#### WORK TO BE COMPLETED:
The reply to the records below should contain exactly the lines from the line with "아기 신수로 환생했습니다 2화 9" through the line with "Аврора с/п П4", and nothing besides.

#### EXCERPTED DATA:
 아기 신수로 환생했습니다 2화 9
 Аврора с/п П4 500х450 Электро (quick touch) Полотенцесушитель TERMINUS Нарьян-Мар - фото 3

==

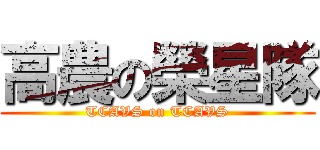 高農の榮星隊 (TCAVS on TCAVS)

* * *

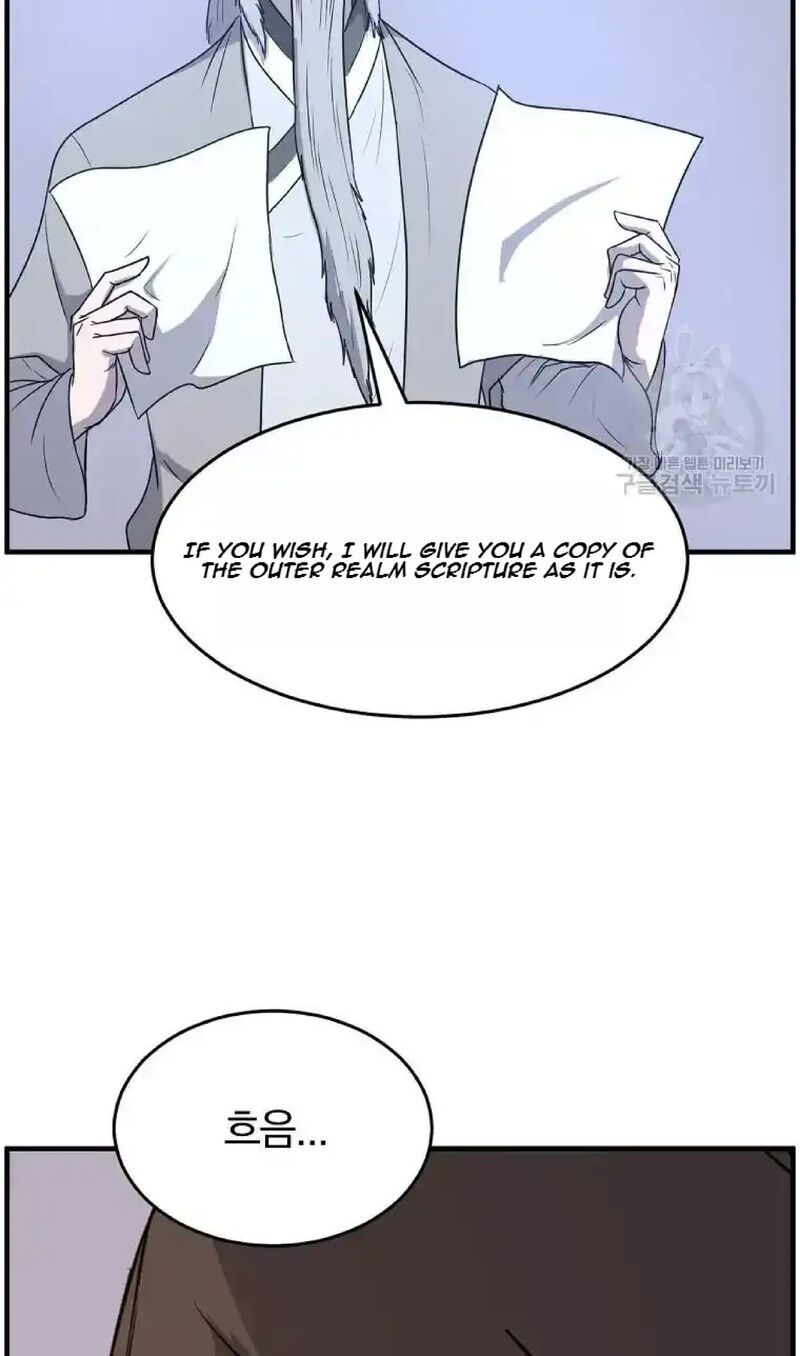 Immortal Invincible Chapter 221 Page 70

#### FINISHED TASK:
 아기 신수로 환생했습니다 2화 9
 Аврора с/п П4 500х450 Электро (quick touch) Полотенцесушитель TERMINUS Нарьян-Мар - фото 3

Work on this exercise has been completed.